Using the Kibana dashboards

The Kibana DMARC dashboards are a human-friendly way to understand the results from incoming DMARC reports.

There is no separate Kibana export — Kibana 8.x’s saved-object migration handlers accept the OpenSearch Dashboards format directly, so Kibana users import the bundled dashboards/opensearch/opensearch_dashboards.ndjson in Stack Management → Saved Objects → Import. A CI check imports the same file into a Kibana 8.x container on every change so this stays compatible.

Note

The default dashboard is DMARC aggregate reports. To switch between dashboards, click on the Dashboard link on the left side menu of Kibana.

DMARC aggregate reports

As the name suggests, this dashboard is the best place to start reviewing your aggregate DMARC data.

Across the top of the dashboard, three pie charts display the percentage of alignment pass/fail for SPF, DKIM, and DMARC. Clicking on any chart segment will filter for that value.

Note

Messages should not be considered malicious just because they failed to pass DMARC; especially if you have just started collecting data.
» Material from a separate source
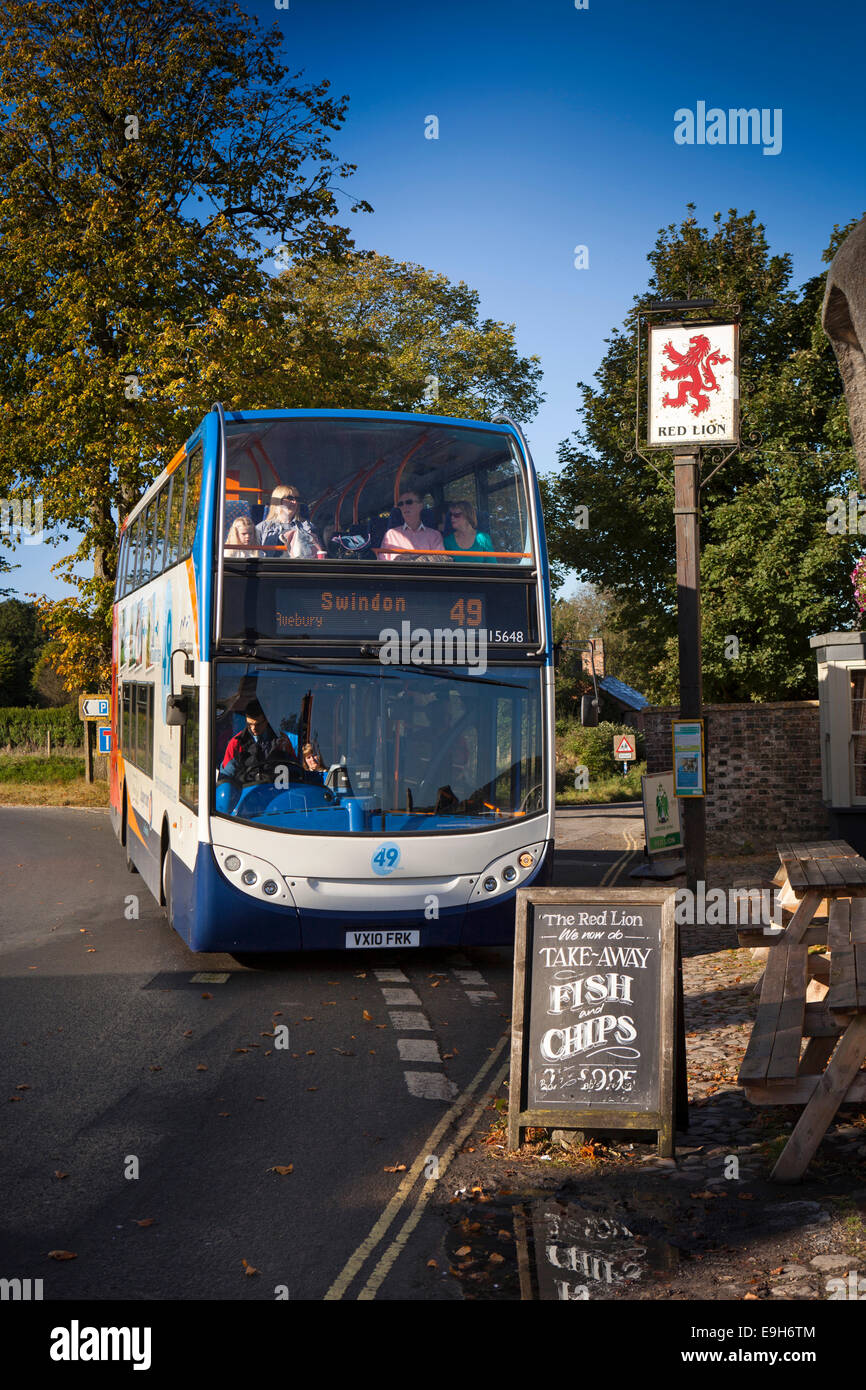 Großbritannien, England, Wiltshire, Avebury, ländlichen Busservice an Haltestelle außerhalb Red Lion Public House Stockfoto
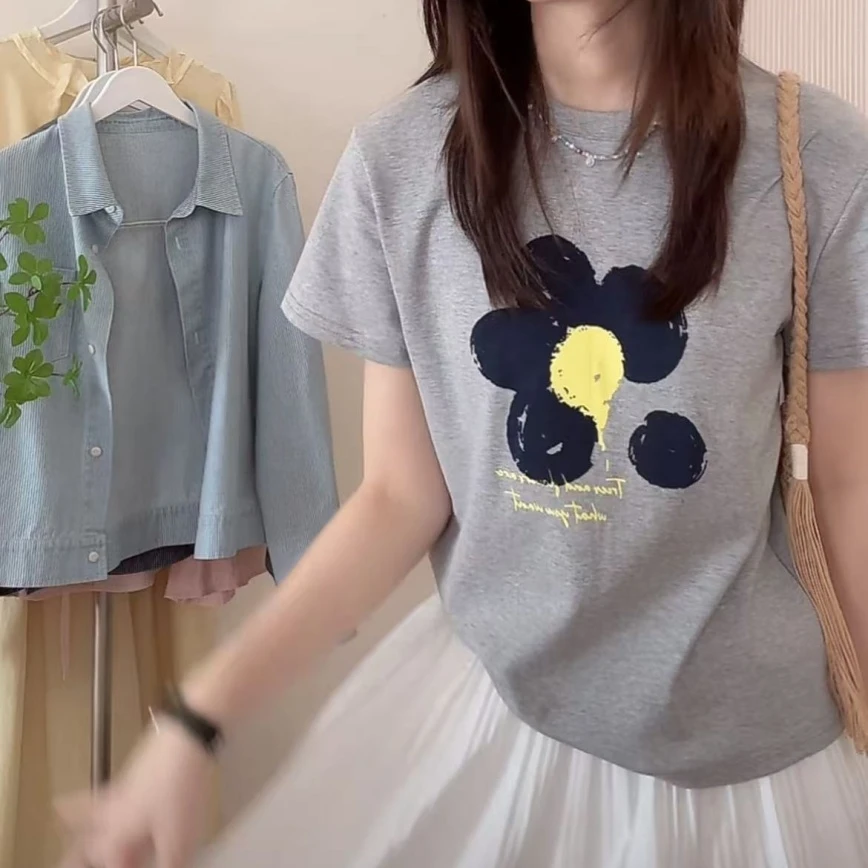 五一出游正肩基础款短袖t恤女夏2025新款花朵印花宽松圆领上衣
It may be a legitimate service that needs SPF and DKIM configured correctly.

Start by filtering the results to only show failed DKIM alignment. While DMARC passes if a message passes SPF or DKIM alignment, only DKIM alignment remains valid when a message is forwarded without changing the from address, which is often caused by a mailbox forwarding rule. This is because DKIM signatures are part of the message headers, whereas SPF relies on SMTP session headers.

Underneath the pie charts. you can see graphs of DMARC passage and message disposition over time.

Under the graphs you will find the most useful data tables on the dashboard. On the left, there is a list of organizations that are sending you DMARC reports. In the center, there is a list of sending servers grouped by the base domain in their reverse DNS. On the right, there is a list of email from domains, sorted by message volume.

By hovering your mouse over a data table value and using the magnifying glass icons, you can filter on our filter out different values. Start by looking at the Message Sources by Reverse DNS table. Find a sender that you recognize, such as an email marketing service, hover over it, and click on the plus (+) magnifying glass icon, to add a filter that only shows results for that sender. Now, look at the Message From Header table to the right. That shows you the domains that a sender is sending as, which might tell you which brand/business is using a particular service. With that information, you can contact them and have them set up DKIM.

Note

If you have a lot of B2C customers, you may see a high volume of emails as your domains coming from consumer email services, such as Google/Gmail and Yahoo! This occurs when customers have mailbox rules in place that forward emails from an old account to a new account, which is why DKIM authentication is so important, as mentioned earlier. Similar patterns may be observed with businesses who send from reverse DNS addressees of parent, subsidiary, and outdated brands.

Further down the dashboard, you can filter by source country or source IP address.

Tables showing SPF and DKIM alignment details are located under the IP address table.

Note

The alignment tables (SPF details, DKIM details) and the per-IP source table live on the same dashboard, further down. To view failures only, use the pie chart at the top of the page as a filter.

Any other filters work the same way. You can also add your own custom temporary filters by clicking on Add Filter at the upper right of the page.

DMARC failure reports

The DMARC failure reports dashboard (formerly DMARC Forensic Samples) contains information on DMARC failure reports (also known as forensic or ruf reports). These reports contain samples of emails that have failed to pass DMARC.

Note

Most recipients do not send forensic/failure/ruf reports at all to avoid privacy leaks. Some recipients (notably Chinese webmail services) will only supply the headers of sample emails. Very few provide the entire email.

SMTP TLS reporting

The SMTP TLS reporting dashboard surfaces aggregate counts of TLS-RPT reporting organizations, the policy domains they report on, and the specific failure types — certificate expiry, STARTTLS not supported, STS policy fetch errors, validation failures, and similar — together with the sending and receiving MTA addresses involved.